In the role above, the person would receive roughly the same benefits in their new position (PTO and healthcare) so we were able to take that out of the equation. However, if your new role has fewer benefits, you should try to add what you think the monetary value of those benefits are to your new base salary.
One of the wonky things I did in the above chart was quantified PTO and health benefits like they were money. Obviously, these perks aren’t money, but that doesn’t mean they don’t have value. You should know what their value is worth.
In some states, if you don’t take PTO you can cash it out at the end, so if you do leave a job, you could end up taking home the amount your PTO is valued at. The reason I did this was to demonstrate how valuable benefits are—and how you might want to think about them if you’re looking at a job with fewer benefits. So the “total” at the end of the chart doesn’t necessarily represent monetary value but the total value of a position.
Is this a promotion? How much of a promotion?
If you’re moving into a role that clearly carries more responsibilities than your previous role (moving from assistant manager to general manager couldn’t be clearer) then your salary should go up. How much it goes up is the real question.
In the example above, I outlined what a 10%, 15%, and 20% raise would look like. I can’t say for certain which of these raises is right, but to me, this felt correct for a move from assistant manager to manager, which seems the next logical promotion. I might have suggested a higher or a lower range if this person was moving into a regional position, or if they were switching gears entirely into a new department.
Figuring out the right range is a combination of measuring the scope of the job, the capabilities of the company to meet your salary demands, the cost of living in your city, along with a number of other factors. It’s an inexact science.
Talking about money is hard, and I think the best advice I can give (besides the advice in this article about artfully asking your employer to disclose their salary range before you disclose yours) is to know exactly how much money you make—and where your money comes from. The biggest mistake I see people make is undervaluing tips. Factor tips into your salary negotiations!
Take time to write out everything that comes with your current job. If you make an hourly wage and your new job is offering you a salary, figure out how much that salary translates to an hour. A person making $15 an hour + $5 an hour in tips is making about $41,600 a year, so if you’re offered a new role at your company at $40,000 without tips, you’re actually taking a pay cut. This happens all the time.

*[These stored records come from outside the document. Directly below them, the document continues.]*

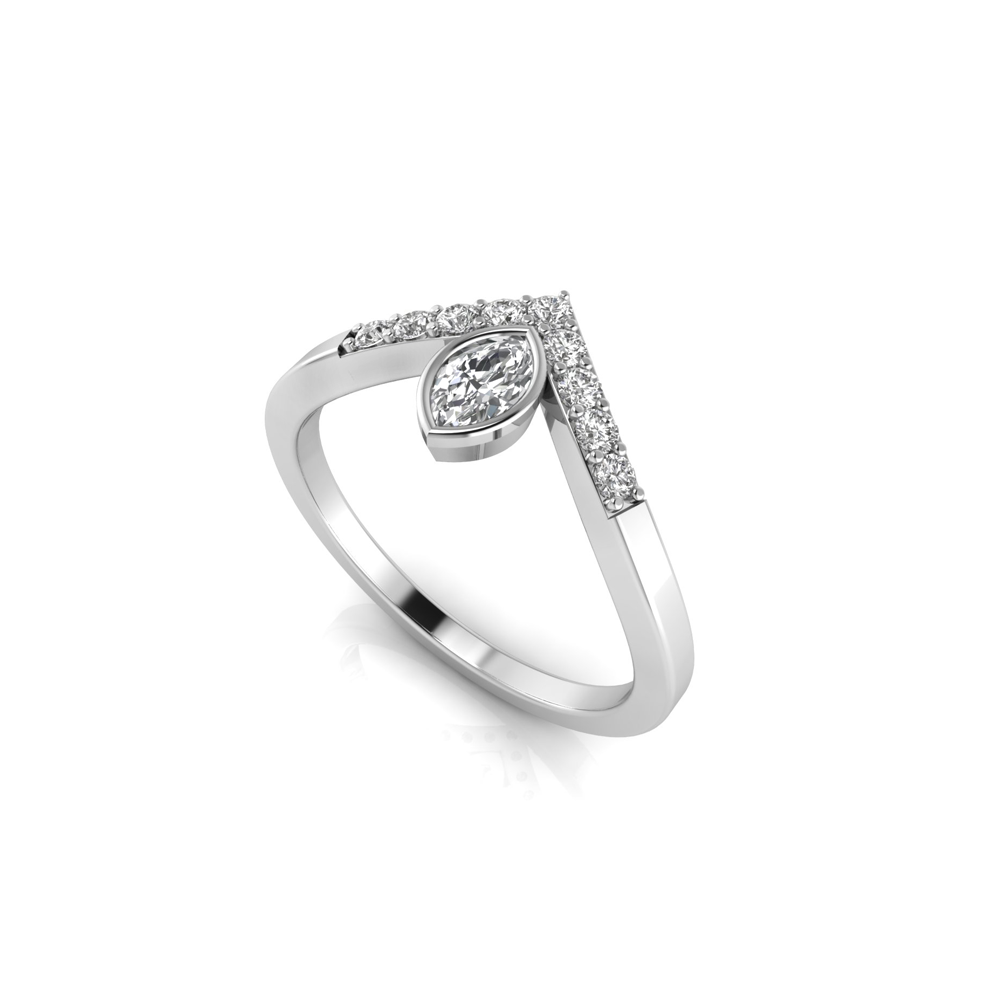 Large Marquise V Tiara Ring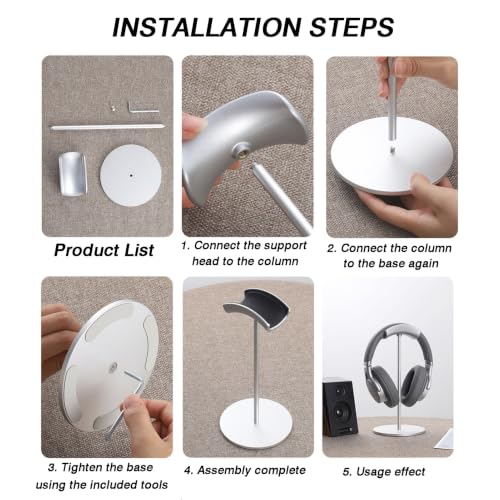 Soporte para auriculares de mesa en aluminio para sala de exposición y estudio de sonido 6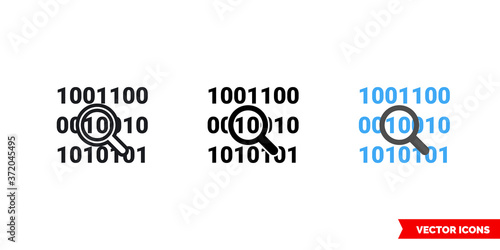 Bit byte icon of 3 types color, black and white, outline. Isolated vector sign symbol.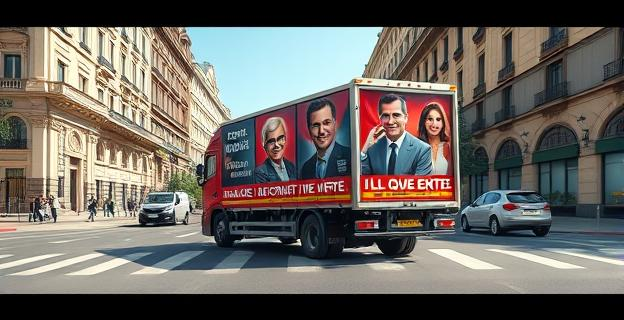 Imagen de un camión con pancartas críticas hacia un político y su esposa circulando por una calle céntrica de Madrid, cerca del Congreso de los Diputados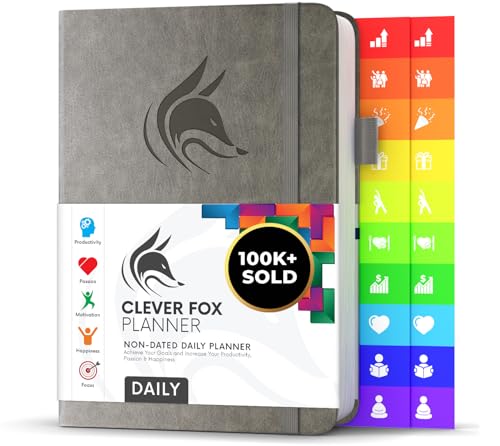 Clever Fox Tagesplaner - Bester Agenda & Tageskalender zur Steigerung deiner Produktivität, Zufriedenheit und Ziele - Persönlicher Tagesorganisator - A5, Undatiert - Grau (Englisch) von Clever Fox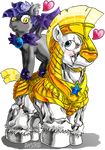  &lt;3 armor black_fur blue_eyes blue_hair blush davide76 duo equine female feral friendship_is_magic fur hair horse lunar_guard_(mlp) male mammal muscles my_little_pony pony royal_guard_(mlp) thestral white_fur yellow_eyes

So if you can, pause for a moment and figure out how much you make in your current role. I even left you a blank worksheet to assess how much you should ask for!
Lastly, assess where you’re willing to negotiate, and where you want to take a firm stance. If you can’t negotiate the salary you want, but still want to take this new job, maybe you can ask for a salary renegotiation in six months, or work out a benefit that makes sense for you. The point of this exercise isn’t to get a 15% wage increase, but to help make informed decisions, and know exactly how much money you’re actually talking about when you apply for a new job.